Standing in the way of that dream is the United States. It would be catastrophic to America’s dominance in the region if Chinese forces took control of Taiwan, most military analysts believe, whether by "greyzone" tactics or full-scale invasion. America’s global prestige and role as security guarantor in Asia would be shattered, they say.
Already, Beijing’s recent assertiveness, including its fortification of contested islets in the South China Sea, has galvanised an American-led response.
Xi, for now, has opted for "greyzone warfare". Without firing a shot, China’s military is sorely taxing Taiwan’s Air Force.

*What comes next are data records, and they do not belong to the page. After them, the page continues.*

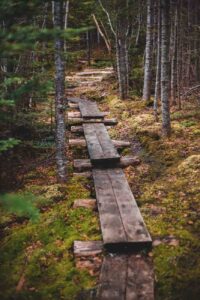 Acadia National Park campgrounds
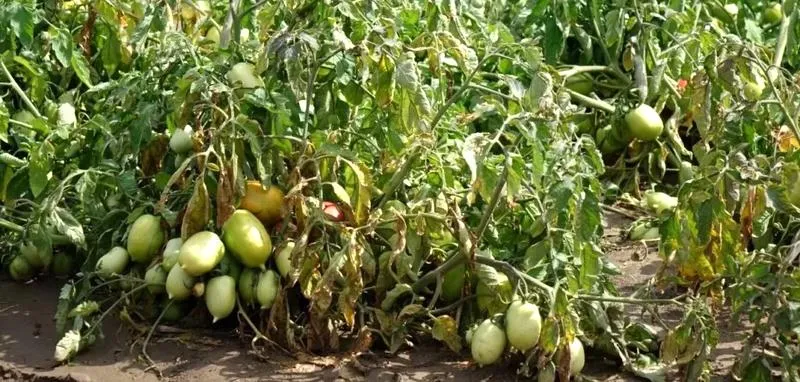 Cykl wegetacyjny pomidorów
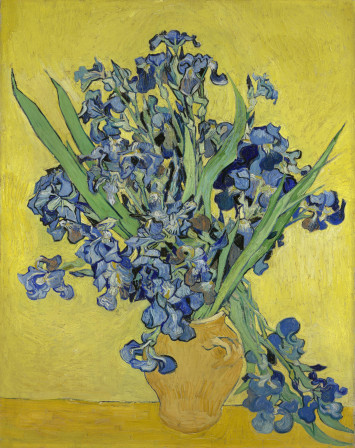 Irissen_-_s0050V1962_-_Van_Gogh_Museum.jpg, avr. 2024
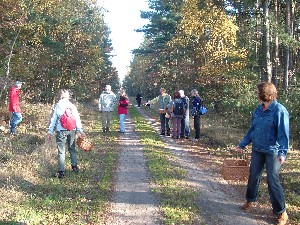 Praxistour - Pilzwanderung-Fundstelle_1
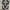 NEW BALANCE 1906R photo 5
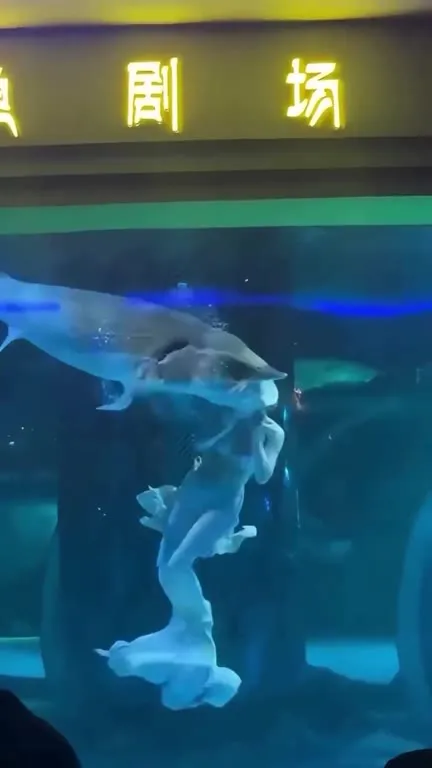 水族馆里的美人鱼表演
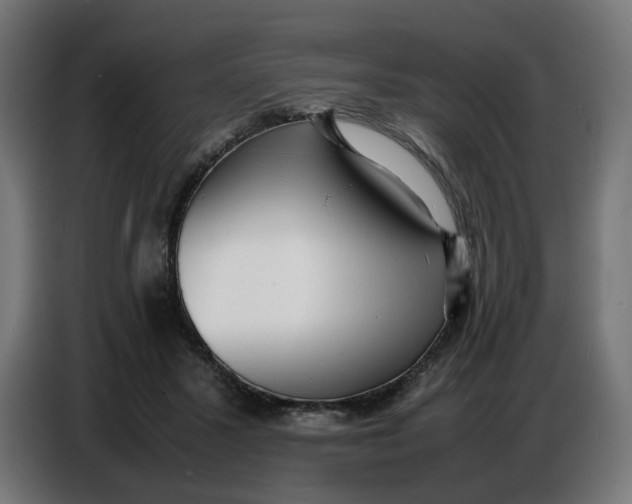 X0000086720407200705041331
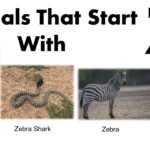 Animals That Start With Z: Zebra, Zorilla & More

The theater of action is Taiwan’s Air Defense Identification Zone (ADIZ). An ADIZ is an area that stretches beyond a territory’s air space where air traffic controllers request incoming flights to identify themselves.
When PLA aircraft enter Taiwan’s ADIZ, fighters scramble in response. On occasion, air-defense missile units are put on alert.
The PLA mostly relies on three kinds of aircraft - anti-submarine, electronic-warfare and airborne early-warning-and-control - to conduct its regular missions into Taiwan’s ADIZ, the flight-tracking data show. The use of these aircraft allows the PLA to gather intelligence on the island’s defenses, as well as Taiwanese and allied submarine activity in the area, Taiwanese, US and other Western military intelligence officers say.